-
Notifications
You must be signed in to change notification settings - Fork 3
Description
Issue Type
- Feature Request
- Bug Report
- Documentation Issue
Description
When using pg_clickhouse to query ClickHouse tables with Map type columns, the FDW converts the Map type to PostgreSQL text type.
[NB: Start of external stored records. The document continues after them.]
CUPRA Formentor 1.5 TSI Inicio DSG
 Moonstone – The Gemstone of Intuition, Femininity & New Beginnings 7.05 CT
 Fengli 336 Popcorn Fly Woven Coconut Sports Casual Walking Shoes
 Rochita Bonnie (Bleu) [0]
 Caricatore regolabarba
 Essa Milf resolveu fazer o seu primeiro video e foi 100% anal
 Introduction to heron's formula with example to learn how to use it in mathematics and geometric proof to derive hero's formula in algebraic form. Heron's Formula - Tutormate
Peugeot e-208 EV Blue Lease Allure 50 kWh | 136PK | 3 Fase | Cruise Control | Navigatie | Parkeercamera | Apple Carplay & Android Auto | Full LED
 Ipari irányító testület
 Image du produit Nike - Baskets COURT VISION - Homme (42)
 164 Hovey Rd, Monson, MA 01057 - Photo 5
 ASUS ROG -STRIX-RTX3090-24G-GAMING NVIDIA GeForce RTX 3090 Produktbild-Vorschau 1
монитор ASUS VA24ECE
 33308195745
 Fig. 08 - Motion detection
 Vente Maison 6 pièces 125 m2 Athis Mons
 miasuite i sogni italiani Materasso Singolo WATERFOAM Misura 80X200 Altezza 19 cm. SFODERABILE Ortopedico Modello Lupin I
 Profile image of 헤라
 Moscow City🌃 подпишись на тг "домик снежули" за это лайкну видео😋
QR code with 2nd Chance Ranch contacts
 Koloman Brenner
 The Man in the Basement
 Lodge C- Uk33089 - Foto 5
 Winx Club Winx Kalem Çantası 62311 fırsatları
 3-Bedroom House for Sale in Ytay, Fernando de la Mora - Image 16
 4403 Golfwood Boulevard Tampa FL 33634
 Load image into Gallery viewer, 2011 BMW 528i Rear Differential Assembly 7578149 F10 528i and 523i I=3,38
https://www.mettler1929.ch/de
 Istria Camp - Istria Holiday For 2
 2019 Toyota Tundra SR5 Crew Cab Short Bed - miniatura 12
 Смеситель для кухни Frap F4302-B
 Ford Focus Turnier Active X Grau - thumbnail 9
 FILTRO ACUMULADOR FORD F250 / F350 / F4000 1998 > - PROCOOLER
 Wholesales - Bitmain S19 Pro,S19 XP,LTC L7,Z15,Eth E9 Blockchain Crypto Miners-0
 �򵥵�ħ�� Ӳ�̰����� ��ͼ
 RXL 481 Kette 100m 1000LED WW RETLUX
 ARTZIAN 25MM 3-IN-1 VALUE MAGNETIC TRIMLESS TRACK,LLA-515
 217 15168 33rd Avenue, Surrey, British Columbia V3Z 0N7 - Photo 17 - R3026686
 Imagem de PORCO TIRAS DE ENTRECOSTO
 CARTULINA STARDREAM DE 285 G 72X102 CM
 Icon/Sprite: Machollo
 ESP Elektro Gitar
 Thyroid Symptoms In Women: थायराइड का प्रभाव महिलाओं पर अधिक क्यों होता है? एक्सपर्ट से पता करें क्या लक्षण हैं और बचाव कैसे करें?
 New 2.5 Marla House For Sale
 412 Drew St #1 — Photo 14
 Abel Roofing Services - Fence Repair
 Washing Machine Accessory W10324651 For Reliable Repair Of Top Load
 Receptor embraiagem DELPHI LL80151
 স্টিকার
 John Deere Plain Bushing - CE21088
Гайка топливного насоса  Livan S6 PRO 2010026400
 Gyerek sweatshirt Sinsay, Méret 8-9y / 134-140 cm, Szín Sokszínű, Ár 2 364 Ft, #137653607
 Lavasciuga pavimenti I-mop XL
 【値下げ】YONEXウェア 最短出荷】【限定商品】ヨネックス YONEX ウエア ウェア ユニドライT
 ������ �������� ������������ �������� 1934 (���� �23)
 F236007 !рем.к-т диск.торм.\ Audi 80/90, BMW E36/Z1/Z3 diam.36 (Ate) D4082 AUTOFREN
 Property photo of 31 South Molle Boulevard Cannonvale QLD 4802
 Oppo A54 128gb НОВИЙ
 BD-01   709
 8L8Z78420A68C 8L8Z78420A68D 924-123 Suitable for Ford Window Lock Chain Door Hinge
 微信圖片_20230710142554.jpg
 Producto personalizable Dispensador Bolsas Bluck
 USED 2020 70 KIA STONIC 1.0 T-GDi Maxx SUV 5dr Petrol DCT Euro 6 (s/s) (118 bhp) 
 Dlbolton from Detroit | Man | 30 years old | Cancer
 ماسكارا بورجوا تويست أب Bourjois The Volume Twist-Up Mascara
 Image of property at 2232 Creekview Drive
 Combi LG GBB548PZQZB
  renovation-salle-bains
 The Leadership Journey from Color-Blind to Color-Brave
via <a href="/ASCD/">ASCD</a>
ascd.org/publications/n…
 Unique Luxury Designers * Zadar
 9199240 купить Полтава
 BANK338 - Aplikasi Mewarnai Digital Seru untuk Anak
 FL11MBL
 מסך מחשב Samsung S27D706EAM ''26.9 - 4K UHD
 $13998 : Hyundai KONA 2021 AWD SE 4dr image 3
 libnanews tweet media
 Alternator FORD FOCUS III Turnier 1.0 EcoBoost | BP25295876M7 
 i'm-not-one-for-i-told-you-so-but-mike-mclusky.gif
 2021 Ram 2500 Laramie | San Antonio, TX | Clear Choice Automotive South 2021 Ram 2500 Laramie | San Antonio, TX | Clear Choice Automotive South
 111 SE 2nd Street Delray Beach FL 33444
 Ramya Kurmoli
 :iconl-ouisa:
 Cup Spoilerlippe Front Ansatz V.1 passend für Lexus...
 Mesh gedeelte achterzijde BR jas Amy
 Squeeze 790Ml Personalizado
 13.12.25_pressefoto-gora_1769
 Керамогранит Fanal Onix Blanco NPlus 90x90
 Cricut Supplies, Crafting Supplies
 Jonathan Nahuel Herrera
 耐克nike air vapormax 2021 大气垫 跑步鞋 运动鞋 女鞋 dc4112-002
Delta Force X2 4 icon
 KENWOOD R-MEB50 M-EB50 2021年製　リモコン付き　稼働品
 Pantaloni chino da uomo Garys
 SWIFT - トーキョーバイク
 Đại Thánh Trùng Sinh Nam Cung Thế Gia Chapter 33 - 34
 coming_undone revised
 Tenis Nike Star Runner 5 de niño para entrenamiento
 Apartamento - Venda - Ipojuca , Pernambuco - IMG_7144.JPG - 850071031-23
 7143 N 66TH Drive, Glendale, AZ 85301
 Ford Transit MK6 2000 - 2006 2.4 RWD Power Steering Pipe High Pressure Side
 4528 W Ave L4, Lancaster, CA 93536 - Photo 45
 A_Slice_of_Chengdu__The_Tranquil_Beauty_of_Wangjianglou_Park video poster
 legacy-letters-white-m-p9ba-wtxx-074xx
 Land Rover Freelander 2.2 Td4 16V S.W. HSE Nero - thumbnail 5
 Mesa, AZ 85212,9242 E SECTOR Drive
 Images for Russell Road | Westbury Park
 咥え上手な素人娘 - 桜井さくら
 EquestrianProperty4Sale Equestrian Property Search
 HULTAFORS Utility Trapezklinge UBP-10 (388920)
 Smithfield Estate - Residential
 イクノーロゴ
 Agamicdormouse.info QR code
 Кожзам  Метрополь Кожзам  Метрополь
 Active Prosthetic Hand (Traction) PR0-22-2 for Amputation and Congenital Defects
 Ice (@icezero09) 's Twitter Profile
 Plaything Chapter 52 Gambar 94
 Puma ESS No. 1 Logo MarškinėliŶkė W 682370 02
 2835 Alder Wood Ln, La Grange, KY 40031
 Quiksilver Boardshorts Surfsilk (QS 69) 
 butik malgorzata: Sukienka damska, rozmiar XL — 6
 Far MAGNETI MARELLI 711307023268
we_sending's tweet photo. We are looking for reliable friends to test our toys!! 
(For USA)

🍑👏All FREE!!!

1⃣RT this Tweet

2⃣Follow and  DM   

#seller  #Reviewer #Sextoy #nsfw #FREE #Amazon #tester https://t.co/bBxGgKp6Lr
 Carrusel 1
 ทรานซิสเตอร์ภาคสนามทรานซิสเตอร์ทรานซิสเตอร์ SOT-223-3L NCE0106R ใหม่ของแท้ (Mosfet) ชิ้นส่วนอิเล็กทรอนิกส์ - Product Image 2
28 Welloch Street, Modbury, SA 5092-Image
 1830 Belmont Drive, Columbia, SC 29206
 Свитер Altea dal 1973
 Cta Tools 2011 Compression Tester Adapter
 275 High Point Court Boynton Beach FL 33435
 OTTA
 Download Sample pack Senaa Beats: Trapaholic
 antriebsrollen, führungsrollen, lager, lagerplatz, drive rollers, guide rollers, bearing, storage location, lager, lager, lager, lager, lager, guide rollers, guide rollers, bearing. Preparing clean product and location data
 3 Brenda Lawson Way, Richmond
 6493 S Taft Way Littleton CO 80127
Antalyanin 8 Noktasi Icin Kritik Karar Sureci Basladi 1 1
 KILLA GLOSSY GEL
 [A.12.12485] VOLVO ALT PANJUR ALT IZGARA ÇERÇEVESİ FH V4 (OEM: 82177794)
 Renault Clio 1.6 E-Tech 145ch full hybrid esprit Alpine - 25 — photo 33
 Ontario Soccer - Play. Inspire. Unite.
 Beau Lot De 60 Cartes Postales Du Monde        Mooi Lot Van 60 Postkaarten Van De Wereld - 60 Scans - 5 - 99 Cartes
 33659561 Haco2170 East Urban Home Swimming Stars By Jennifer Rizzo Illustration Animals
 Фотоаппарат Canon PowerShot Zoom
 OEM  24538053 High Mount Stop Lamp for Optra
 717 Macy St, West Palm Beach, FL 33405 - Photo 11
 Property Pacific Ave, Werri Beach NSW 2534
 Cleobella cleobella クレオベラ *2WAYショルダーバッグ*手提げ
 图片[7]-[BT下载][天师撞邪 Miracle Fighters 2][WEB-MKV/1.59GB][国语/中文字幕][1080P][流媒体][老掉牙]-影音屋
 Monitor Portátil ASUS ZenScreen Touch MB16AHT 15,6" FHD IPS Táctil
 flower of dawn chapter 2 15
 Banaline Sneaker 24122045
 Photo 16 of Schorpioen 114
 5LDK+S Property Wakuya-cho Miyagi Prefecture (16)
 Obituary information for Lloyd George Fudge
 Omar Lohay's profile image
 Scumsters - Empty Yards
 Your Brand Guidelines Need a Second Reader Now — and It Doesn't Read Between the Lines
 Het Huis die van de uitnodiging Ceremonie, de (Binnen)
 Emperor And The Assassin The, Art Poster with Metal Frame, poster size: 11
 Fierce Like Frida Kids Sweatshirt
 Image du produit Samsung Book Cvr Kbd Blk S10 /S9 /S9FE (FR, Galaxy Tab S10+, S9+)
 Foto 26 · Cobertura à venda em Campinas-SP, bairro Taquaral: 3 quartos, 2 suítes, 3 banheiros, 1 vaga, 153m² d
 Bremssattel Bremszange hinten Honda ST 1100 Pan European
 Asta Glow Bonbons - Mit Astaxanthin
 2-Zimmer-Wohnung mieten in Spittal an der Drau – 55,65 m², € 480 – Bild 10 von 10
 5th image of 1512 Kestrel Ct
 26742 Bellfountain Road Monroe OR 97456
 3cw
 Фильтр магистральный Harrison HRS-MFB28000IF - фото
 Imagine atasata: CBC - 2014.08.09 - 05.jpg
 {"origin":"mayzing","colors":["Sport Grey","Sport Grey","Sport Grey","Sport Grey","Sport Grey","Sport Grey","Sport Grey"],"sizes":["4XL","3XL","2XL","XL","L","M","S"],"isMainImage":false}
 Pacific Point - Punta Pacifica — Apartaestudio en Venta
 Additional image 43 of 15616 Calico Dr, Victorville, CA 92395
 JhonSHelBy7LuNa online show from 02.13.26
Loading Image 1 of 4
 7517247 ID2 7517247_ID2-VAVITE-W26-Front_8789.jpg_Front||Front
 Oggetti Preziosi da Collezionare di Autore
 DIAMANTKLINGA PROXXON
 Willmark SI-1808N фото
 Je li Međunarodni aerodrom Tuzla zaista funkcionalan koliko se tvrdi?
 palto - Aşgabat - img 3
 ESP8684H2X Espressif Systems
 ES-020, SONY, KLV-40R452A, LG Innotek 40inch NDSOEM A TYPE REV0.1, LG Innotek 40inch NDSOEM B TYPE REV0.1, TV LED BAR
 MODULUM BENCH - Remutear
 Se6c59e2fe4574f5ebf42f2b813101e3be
This makes it impossible to efficiently query Map fields and filter by specific keys/values.
Current Behavior
Given a ClickHouse table with a Map column:
CREATE TABLE default.traces (
id UUID,
name String,
metadata Map(LowCardinality(String), String)
) ENGINE = MergeTree() ORDER BY id;When importing this table into PostgreSQL via pg_clickhouse:
CREATE FOREIGN TABLE langfuse.traces (
id text,
name text,
metadata text -- Map is converted to text
)
SERVER clickhouse_server
OPTIONS (database 'default', table_name 'traces');The metadata column becomes text type in PostgreSQL, containing the string representation like {'status':'idle'}.
Limitations
-
Cannot use Map functions: ClickHouse's native Map functions (
mapContains,mapGet,metadata['key']) cannot be used because PostgreSQL treats the column astext -
Cannot use string functions: String functions (
LIKE,position,substring) fail when pushed down to ClickHouse because ClickHouse rejects them for Map types -
Cannot use PostgreSQL JSONB functions: JSONB functions (
::jsonb->>'key') are pushed down to ClickHouse, which doesn't support PostgreSQL's JSONB functions
Example Failures
-- ClickHouse Map functions don't work
SELECT metadata['status'] FROM langfuse.traces;
-- ERROR: cannot subscript type text because it does not support subscripting
-- String functions fail when pushed down
SELECT * FROM langfuse.traces WHERE metadata LIKE '%status%';
-- ERROR: pg_clickhouse: Code: 43. DB::Exception: Illegal type Map(String, String) of argument of function like
-- PostgreSQL JSONB functions fail
SELECT metadata::jsonb->>'status' FROM langfuse.traces;
-- Works only with LIMIT (prevents pushdown), not efficient for large datasetsDesired Behavior
We need a way to query Map columns efficiently from PostgreSQL, with filter pushdown to ClickHouse.
Potential Solutions
Option 1: Map to JSONB Type (Recommended)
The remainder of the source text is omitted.